Severus sentait qu'il était temps qu'il vienne au but car il commençait à perdre son patient qui avait l'air vraiment fatigué. Il ne réagit d'ailleurs pas alors que Severus attendait une réponse de sa part.

- Est-ce que cela vous va ?

- Pardon ? Ah euh oui, c'est parfait.

Severus retint un soupir. Il n'en avait pas fini avec Théo. Vu son air fatigué, il n'allait pas devoir lui parler que de son épaule.

- Avez-vous vraiment entendu ce que je vous ai dit ?

- Oui, répondit fermement l'adolescent. Mais tant qu'à faire, je préférerais que vous m'appeliez Théo. Personne ne m'appelle Théodore.
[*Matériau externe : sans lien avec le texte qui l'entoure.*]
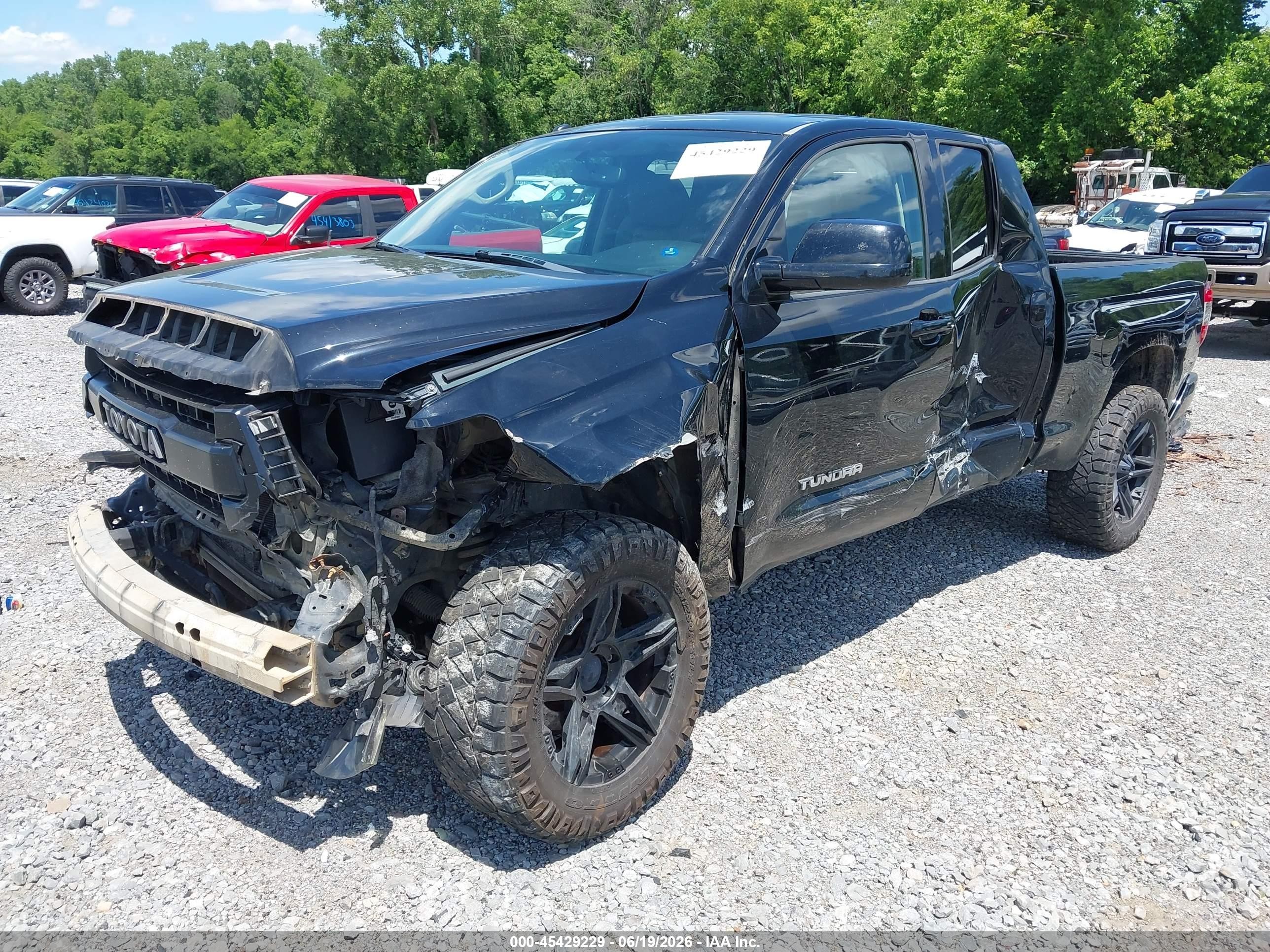 2014 Toyota Tundra Sr5 5.7l V8 Black vin: 5TFUY5F15EX351508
Il n'y a que...

Théo s'interrompit brusquement dans sa phrase. L'effroi et l'expression de malaise qui passèrent sur son visage suffirent à Severus pour deviner de qui Théo voulait parler. Désireux de ne pas laisser le malaise s'installer, il passa rapidement au vif du sujet :

- Bien, je vous appellerai Théo, dans ce cas. Passons à la raison de ma venue. D'après ce qu'on a pu me dire, il semblerait que vous ne m'ayez pas tout dit la dernière fois que je suis venu. Heureusement que j'ai mon informateur secret sinon je n'aurais jamais su que vous aviez de nouveau mal à l'épaule. Pouvez-vous me dire ce qui s'est passé ?

- Draco ne vous l'a pas expliqué ?

- Est-ce que c'est à Draco que je m'adresse en ce moment-même ? demanda sèchement Severus. Est-ce que c'est Draco qui a mal à l'épaule ? C'est de votre bouche que je veux l'entendre. Pas de celle de Draco.
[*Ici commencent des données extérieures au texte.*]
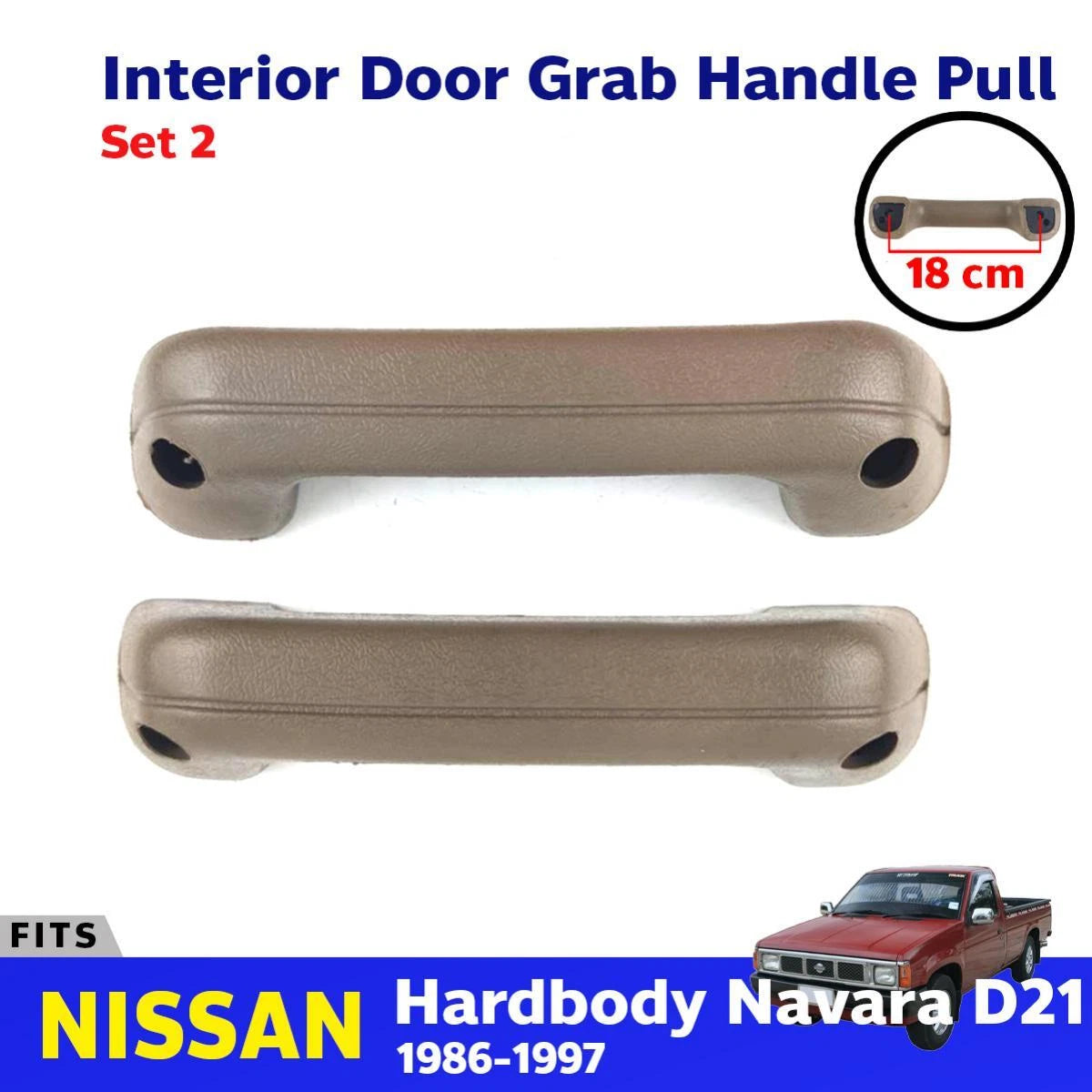 Interior Grab Handle Pull Brown Nissan Big-M 1986-97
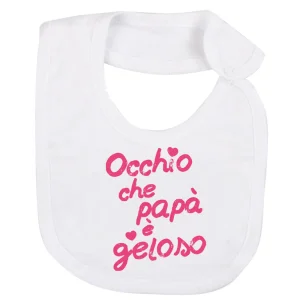 Bavetta in cotone con stampa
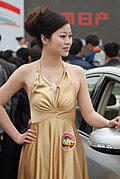 靓丽车模
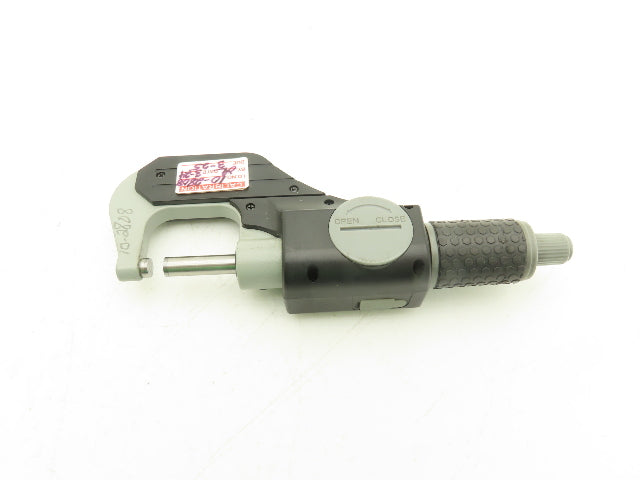 Fowler 54-860-001-1 Digital Outside Micrometer 0-1" 25mm Flat Anvil & Spindle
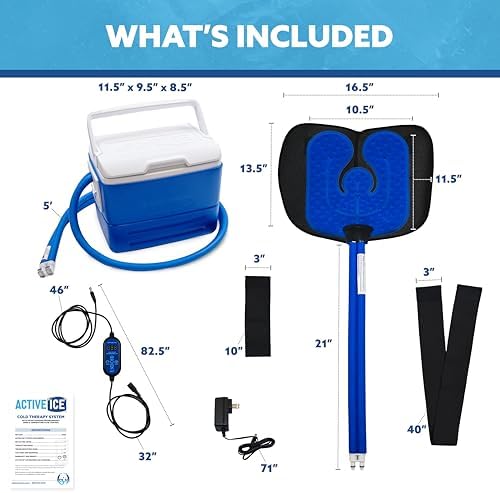 Polar Active Ice 3.0 | 9 QT Cold Therapy Ice Machine | Programmable Timer | Targeted Coverage Shoulder Pad | Cryotherapy Pain Relief System | Ace Bandage Style Compression - Image 2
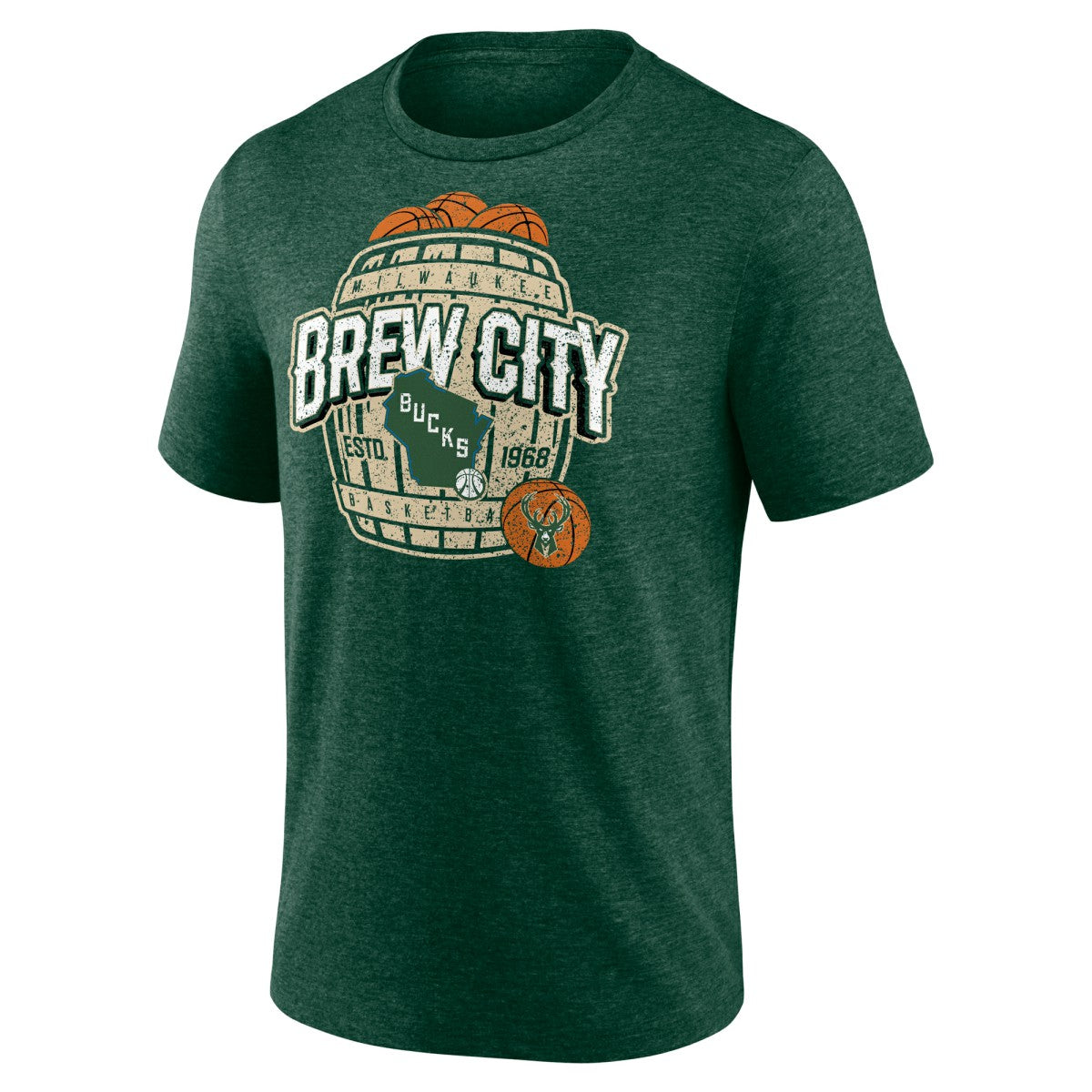 NBA Milwaukee Bucks Announcer Tri-Blend T-Shirt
Théo baissa les yeux. Il n'avait pas l'habitude que Severus lui parle ainsi. Et c'était exactement pour cette raison que Severus ne devait pas le voir comme son élève lorsqu'il venait s'enquérir de son état. Il décida néanmoins de se radoucir.

- Je ne voulais pas être désagréable mais c'est très irritant d'apprendre que vous me cachez des choses alors que je fais l'effort de me déplacer pour venir vous voir. Ce n'est pas à Draco de me dire que vous vous êtes fait mal à l'épaule. Alors expliquez-moi ce qui s'est passé.

Théo céda face au ton impérieux de Severus.

- La semaine dernière je me suis fait bousculer par des gens qui sortaient en trombe de l'animalerie. Je suis tombé et je me suis réceptionné sur mes mains. Seulement j'ai atterri un peu trop violemment par terre. J'ai aussitôt senti une vive douleur me traverser l'épaule lorsque ma main droite a rencontré le sol.

- Ce n'est pas étonnant. Votre épaule était encore fragile. Mais personne ne vous a vu tomber ? Personne ne s'est préoccupé de vous ?

- Vu, je ne sais pas, mais quelqu'un m'a aidé à me relever. Un camarade de mon année, plus précisément.

- Qui ça ?

- Ce n'est pas très important que vous le sachiez.

- Ce n'est pas la réponse que j'attends.

- Professeur, croyez-moi, il vaut mieux que je ne le vous dise pas. Sinon vous allez me maudire sur dix générations d'avoir gâché la fin de vos vacances à cause d'un simple nom et d'un simple prénom. Déjà que Draco m'a fait une scène à cause de ça... Je me demande d'ailleurs qui déteste le plus cette personne entre Draco et vous.

- D'accord, j'ai compris, pas besoin d'en dire plus, maugréa Severus. Il n'a pas dû vous reconnaître pour être venu à votre secours. Jamais il n'aurait consciemment aidé un Serpentard.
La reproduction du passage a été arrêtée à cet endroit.